Médecin: Enquête sur l’essor des téléconsultations express en cabines connectées

Lorsque l’on va chez le médecin, cela se passe généralement en personne, dans un bureau, avec une consultation en face-à-face. Cependant, avec la situation actuelle de la crise sanitaire, les consultations à distance ont connu une augmentation importante : en particulier dans le cadre de dispositifs connectés, permettant aux médecins d’examiner leurs patients à distance. Cette alternative est fortement appréciée par plusieurs personnes et responsables politiques qui font face à un manque de professionnels de la santé dans certaines zones. Toutefois, certains praticiens considèrent cette évolution en matière de santé avec une certaine méfiance.

La télémédecine promet des consultations médicales accessibles où et quand on le souhaite. Ces dernières années, de nombreuses plateformes ont installé des cabines équipées, notamment dans les pharmacies. Pour utiliser ces cabines, il faut entrer ses informations personnelles, sa carte vitale et son numéro de carte bancaire. Le coût d’une consultation est de 25 euros, soit le même prix qu’une consultation en cabinet. Mais quel est le niveau de prise en charge offert par ces consultations à distance ?

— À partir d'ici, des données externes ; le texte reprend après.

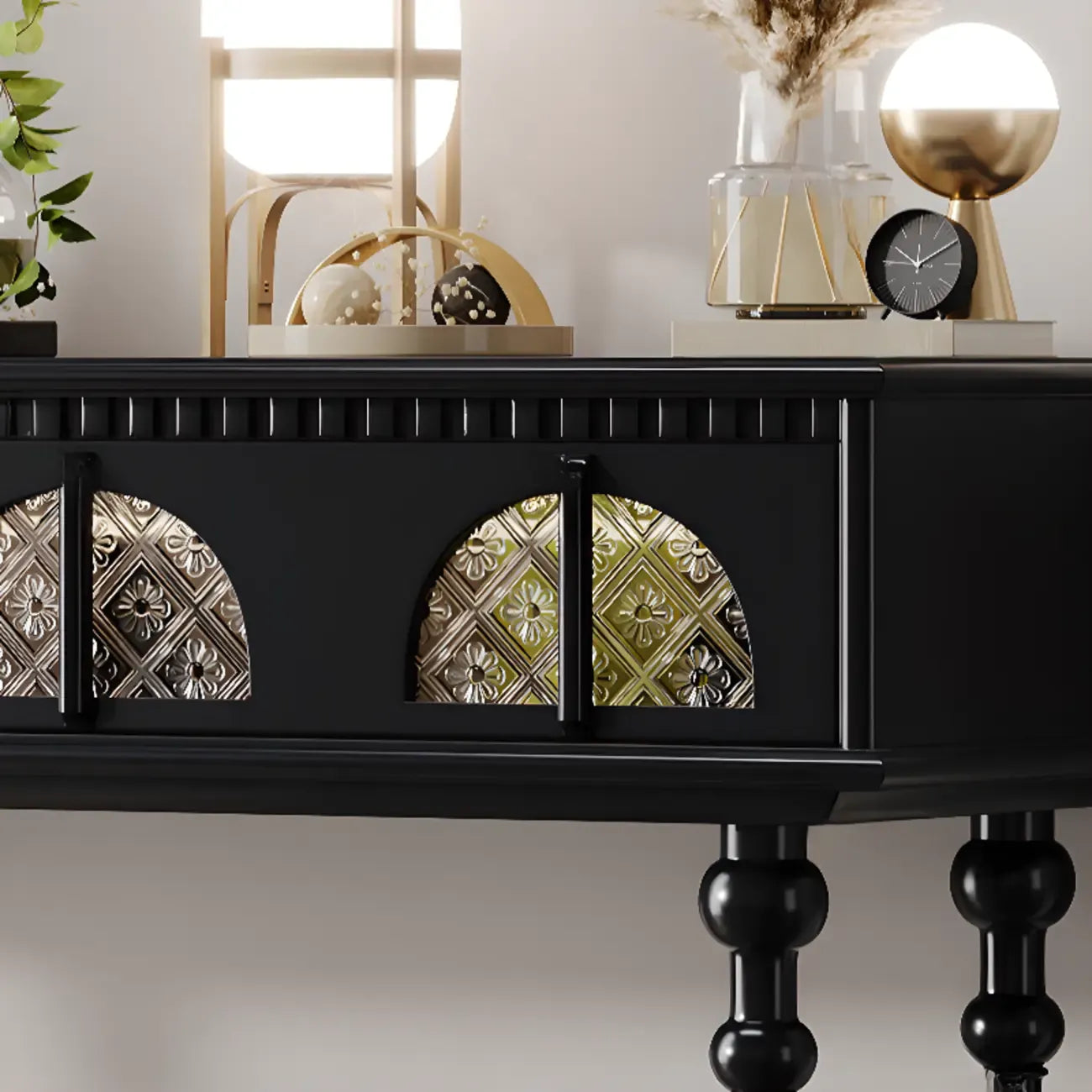 Console rectangulaire haute en bois avec tiroirs, idéale pour une entrée.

Des téléconsultations de moins de quatre minutes

Lors d’un essai dans une cabine de téléconsultation, nous avons constaté des échanges brefs et des questions basiques posées par le médecin à l’autre bout de l’écran. Dans ce cas précis, la consultation a duré 3 minutes et 58 secondes, et le praticien a diagnostiqué une contracture musculaire chez le patient, en se basant sur des informations limitées. Dans un autre exemple, nous avons visité une cabine de consultation dans un supermarché de la région parisienne, où un médecin a suspecté une angine et prescrit une ordonnance, le tout en 3 minutes et 22 secondes. Ces durées sont bien inférieures à la durée moyenne des consultations en cabinet, qui est de 18 minutes, selon une étude du Ministère de la Santé.

Le nombre de téléconsultations a connu un essor fulgurant depuis la crise sanitaire, passant de 80 000 en 2019 à 9 400 000 en 2021. Mais derrière cette promesse d’une médecine à portée de main, certains médecins que nous avons contactés témoignent d’une rentabilité recherchée par certains groupes privés. Ces praticiens dénoncent des consultations trop rapides et peu approfondies, ainsi que des rémunérations faibles et la nécessité d’enchaîner les rendez-vous pour être mieux payés.

La recherche de rentabilité des plateformes

Certaines plateformes de télémédecine ne cachent pas leur stratégie commerciale. Nous avons obtenu un courrier de recrutement pour un poste de médecin salarié, dans lequel les futures recrues sont incitées à être productives. Leur salaire fixe est complété par une part variable basée sur le chiffre d’affaires, et on leur indique que plus elles voient de patients, plus leur chiffre d’affaires augmentera. Ce courrier provient de la plateforme Medadom, une des startup françaises les plus importantes du secteur.

Nathaniel Bern, co-fondateur de Medadom, nie pousser les médecins à augmenter leurs cadences et défend le modèle de rémunération de l’entreprise. Il explique que le temps de consultation est principalement consacré au temps médical, tandis que les aspects administratifs peuvent être gérés en amont de la téléconsultation. Toutefois, l’Ordre des médecins se montre sceptique face à ces arguments et craint une marchandisation des actes de soins, qualifiant ces pratiques de « médecine fast-food ».

Selon la législation actuelle, les médecins ne peuvent pas consacrer plus de 20 % de leur activité à la téléconsultation. Les plateformes de télémédecine souhaiteraient toutefois augmenter ce seuil.